In a follow-up email to The Post, he added that, based on recent observational and modeling studies, "the science indicates that had coral reefs been healthier across the Caribbean (including the Florida reef track), the resulting wave-driven run-up and coastal flooding of areas fronted by coral reefs would have been less than did occur (due to the current degraded nature of the coral reefs)."
And although the recent bleaching events along the Florida reef have drawn the most attention, new evidence suggests that this is part of a far broader — and longer — picture. A recent study in the journal Science Advances analyzed maps of the Florida Keys dating to the 18th century that noted the locations of coral reefs, and found that more than half the area formerly occupied by corals has been lost over the past 250 years. Most of these losses occurred near shore, suggesting that human influences and the expansion of European settlements most likely played a major role.
Related: [240-year-old nautical maps show coral loss is much worse than we knew]
Many scientific authorities, including the National Oceanic and Atmospheric Administration and the U.N. Intergovernmental Panel on Climate Change, have pointed out that corals help reduce the risk of flooding during storms. The latter notes that reefs "contribute to protecting the shoreline from the destructive action of storm surges and cyclones."
"The main effect of coral reefs on flood reduction, period, is because of wave breaking," said Michael Beck, lead marine scientist at the Nature Conservancy. "It's acting like a submerged breakwater offshore, breaking those waves, reducing and dissipating that wave energy offshore, so that then only tiny little amounts of wave energy come onshore."
The effects are striking, research shows. One 2014 meta-analysis co-authored by Beck and Storlazzi along with other colleagues from Stanford, the U.S. Geological Survey and the University of Bologna in Italy, which compiled more than 250 individual studies, suggested that coral reefs may reduce the energy of incoming waves by up to 97 percent. Another meta-analysis from 2016 suggested that reefs may reduce the height of waves by 70 percent.
The effects of storm surge produced by hurricanes — that is, a temporary rising of the sea associated with large storms — can diminish the protective capacity of coral reefs by raising the water level, Storlazzi noted.
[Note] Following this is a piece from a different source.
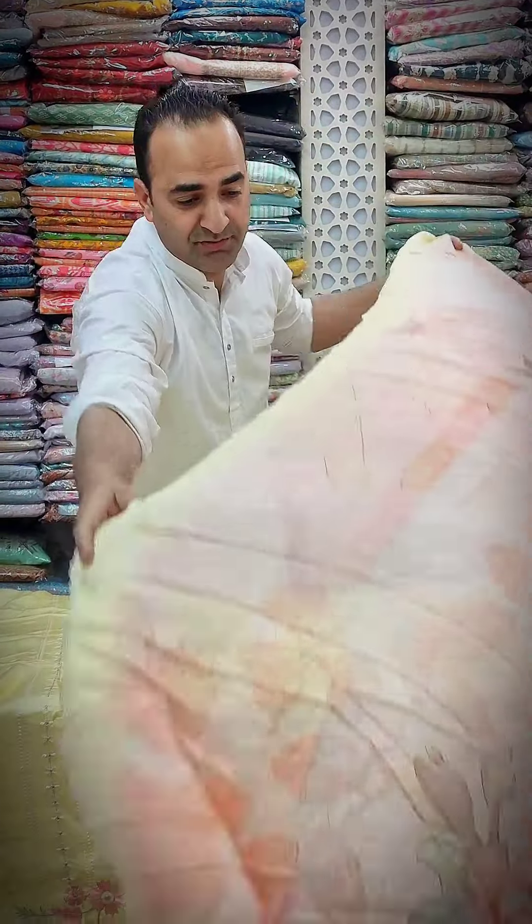The dupatta is very colorful. We can call it floral, and it's also half-pure — you can call it chiffon or half-pure. It's from one place. Because this is the dupatta that you will see on the head. What color will you give? You will also show it. You can also share it with three colors.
But even in the case of storm surge, coral reefs can still have a significant buffering effect on wave action, he said.
Of course, it goes both ways — hurricanes can also damage reefs and weaken them.
Bleaching and death can make the physical structures of corals weak and brittle, Beck pointed out. This makes the tops of corals more likely to be broken off by strong waves, reducing the height of coral reefs and rendering them less useful in breaking up subsequent waves. In turn, climate change is also expected to contribute to higher sea levels and higher waves in many areas, making it tougher even for healthy corals to break them up.
A 2015 paper in the journal Geophysical Research Letters, co-written by Storlazzi and other scientists from the U.S. Geological Survey and colleagues in the Netherlands, suggested that all of these factors — higher waves and greater degradation of coral reefs — will have a "significant negative impact on the ability of coral reefs to mitigate the effects of coastal hazards in the future."
Other research, meanwhile, has found that the seafloor around key reefs — including those in Florida — is getting deeper as the reefs themselves decline. This is because dead coral turns into sand and feeds the seafloor, but when reefs stop growing as much, less sand is provided.
This, too, weakens the protection provided by coral reefs, U.S. Geological Survey researcher Kimberly Yates told The Post earlier this year. "Erosion of coral reefs and seafloor is happening much more and much faster than what was previously known or expected, enough so that it's affecting those local sea level rises," she said. "Enough so that it increases the risk to the coastlines from coastal hazards, storm waves, everyday persistent waves, tsunamis and those kinds of things."
None of this is to say that the Florida Reef Tract, or any other coral reef, provides 100 percent protection against flooding or makes coastal communities "safe" in any way, Beck cautioned. But the reefs do significantly lessen the effect of waves, and their destruction is likely to have a noticeable effect.
"I think it's incredibly important to recognize that these coral reefs are our first line of defense, and when we degrade them, we put ourselves at much greater risk," he said.